* _Data section_:

========================

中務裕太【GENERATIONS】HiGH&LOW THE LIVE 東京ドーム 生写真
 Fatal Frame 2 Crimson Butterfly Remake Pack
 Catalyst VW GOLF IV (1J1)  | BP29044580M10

========================

* _Instructions for the task_:
Please output the complete data exactly.

* _Answer space_:
中務裕太【GENERATIONS】HiGH&LOW THE LIVE 東京ドーム 生写真
 Fatal Frame 2 Crimson Butterfly Remake Pack
 Catalyst VW GOLF IV (1J1)  | BP29044580M10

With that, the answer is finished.